College takes a lot of mental work. There are many things to learn, many relationships to navigate, and doing your own laundry is hard. Under stress, people fix problems in comfortable, familiar ways. This is why emergency personnel practice so much—under stress, people revert to whatever happens to be second nature. For many college students, that means calling those who raised them.
Those phone calls are important teaching moments for your emerging adult.
As a psychologist, it is easy to bemoan helicopter parents who always come to the rescue (i.e. freak-out parents), while also feeling repulsed by other parents’ complete neglect of their child’s pain (i.e. Rambo-Mom). This is binary or “all or nothing” thinking.

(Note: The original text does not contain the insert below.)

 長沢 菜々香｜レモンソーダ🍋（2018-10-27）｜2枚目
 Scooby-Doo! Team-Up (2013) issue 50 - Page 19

All or nothing thinking is not effective. Instead, validate your student’s pain (e.g., “sounds like you’re really stressed,” “you must be exhausted!”) and help them get through it (e.g., “what could help you unwind?” “do you think you need to get more sleep for a couple of nights?”). Help your student see the third way between freaking out and just ignoring their distress.
For example, boy likes girl, but she does not reciprocate. He can either (1) ignore her and his feelings, or (2) confess his affection and risk rejection. Are these his only options? No! There are many middle-ground paths. For instance, little Johnny Love could tell this girl that he would like to take her out, but that he knows everyone is busy in college and he knows dating may not be her top priority. Thus, he opens a possibility while not opening himself up for complete rejection. This would be a mature approach for a college student, but it is definitely possible for a student in late adolescence with some help of a parent. Who knows—she may find such a mature approach attractive!
Another example: your student is struggling in class. A binary thinker may either: (1) drop the class, or (2) keep going and hope not to fail. Again, there are other options. After letting them know that you understand how hard and stressful this must be, help them solve the problem, or at least make it better. Maybe they could talk to their TA or professor, maybe they could attend study groups, or perhaps they could ask for an extension on a big paper. Like most things—the most effective option lies somewhere in between two extremes.
There was a time when your child needed help to tie their shoes, but not for you to totally do it for them. That is how learning happens. In college, they are no longer learning to tie their shoes. Rather, they are learning how to navigate relationships, negotiate academic and work responsibilities, and to clarify their values. They will get frustrated, and hurt, and skin their metaphorical knees. Respond accordingly.